This would have to be refined (if it worked in the first place), but it might be a decent place to start?

numerista
10 Dec 2005, 07:30 PM
But the graph I was suggesting would be very simple.

Good point. I got ahead of myself imagining an adjustment for ahead/level/behind, so I missed that. I need better coffee. :)

Steve Holroyd
05 Jan 2006, 04:47 PM
I recall The Hockey Compendium voicing similar thoughts on the "unreliability" of save percentage, and came up with a "durability factor" using shots faced, etc. I don't recall how similar (if at all) it was to the formula you've proposed, but it's obvious that sone sort of calculation should be used to take into account poor defenses.

By way of example, here are some of the NASL's all-time great goalkeepers' save percentages:

Shep Messing (Bos/Cosmos/Oak/Roch) .832
Hubert Birkenmeier (Cosmos) .809
Tino Lettieri (Minn/Van) .802
Ken Cooper (Dallas) .801
Volkmar Gross (SD) .789
Mick Poole (Den/Port) .789
Bob Rigby (Phil/Cosmos/LA/Mont/SJ) .789
Arnie Mausser (Den/TB/Van/Col/Ft.L/NE/TB/etc.) .783
Phil Parkes (LA/Van/Chic/Tor) .778
Jan Van Beveren (Ft.L) .762

It is interesting to see the oft-villified Messing as the NASL's all-time leader in save percentage. It is also interesting to see Van Beveren--who used to routinely top best GK polls at the time--as the lowest among this group.

I'd love to be able to plug in the "durability formula" against some of these numbers: Mausser, who had over 200 saves several seasons because he played for some awful teams, would no doubt rate pretty highly, while Birkenmeier would drop, as would Parkes (who managed to lead the NASL in GAA one year with a .775 percentage--obviously, his defense did the work). However, the NASL did not keep shots totals until about 1982.

Long story short...thanks for coming up with a logical way to add some "depth" to save percentages.

numerista
05 Jan 2006, 11:57 PM
I recall The Hockey Compendium voicing similar thoughts on the "unreliability" of save percentage, and came up with a "durability factor" using shots faced, etc. I don't recall how similar (if at all) it was to the formula you've proposed

Thanks for the pointer. According to the link below, the Hockey Compendium authors actually used the same basic formula I did; however, instead of learning the parameters from the data, they chose their adjustment factor arbitrarily ... as the linked text points out, that's not too reliable an approach.

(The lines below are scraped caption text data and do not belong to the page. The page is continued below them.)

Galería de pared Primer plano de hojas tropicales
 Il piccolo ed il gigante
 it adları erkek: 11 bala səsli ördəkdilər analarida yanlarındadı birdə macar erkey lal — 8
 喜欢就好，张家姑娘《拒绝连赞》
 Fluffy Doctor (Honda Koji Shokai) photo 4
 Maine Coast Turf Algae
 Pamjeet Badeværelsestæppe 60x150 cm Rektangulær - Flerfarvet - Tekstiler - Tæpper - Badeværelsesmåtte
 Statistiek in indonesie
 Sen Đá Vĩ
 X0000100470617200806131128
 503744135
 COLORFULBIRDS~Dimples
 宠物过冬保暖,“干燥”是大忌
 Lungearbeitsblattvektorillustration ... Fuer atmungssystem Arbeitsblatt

http://www.puckerings.com/research/persev.html

RichardL
07 Jan 2006, 05:52 AM
Save percentage is just a small part of the story though. Look at Tim Howard and Roy Carroll. Neither of them appeared to suffer through a poor save percentage, but if you make mistakes which lead to shots/goals then that's far more critical. Saving an extra shot for every thirty you face isn't much good if a keeper's mistakes means he is helping create extra chances for the other team - either by dropped catches, bad positioning, not claiming crosses, not coming off his line etc. A keeper who doesn't command his area will be a liability, regardless of how good his reflexes are. The best thing a keeper can do is stop attacks before they lead to a shot.

numerista
07 Jan 2006, 11:12 AM
Save percentage is just a small part of the story though. Look at Tim Howard and Roy Carroll. Neither of them appeared to suffer through a poor save percentage, but if you make mistakes which lead to shots/goals then that's far more critical.

Most of the time, when a keeper's mistake leads directly to a shot attempt, it leads to a high-percentage shot attempt. As a result, mistakes like the ones you list do get reflected in a keeper's save percentage.

As for whether Carroll and Howard's save percentages looked ok, bear in mind that you're talking about unadjusted numbers. Considering that Carroll and Howard faced fewer shots/game last year than any other keepers in the Premiership (including Cech), their save percentages are likely to have been artificially inflated by facing less attacking pressure.

Now, unfortunately, I don't have enough Premiership data to do a good job of learning what adjustment factor to use (nor do I have game-by-game data like Serie Zed suggested). But when I apply the college soccer adjustment factor to the 2004-05 EPL, Carroll rates 19th out of 20 starters, while Howard rates worse than any EPL starter.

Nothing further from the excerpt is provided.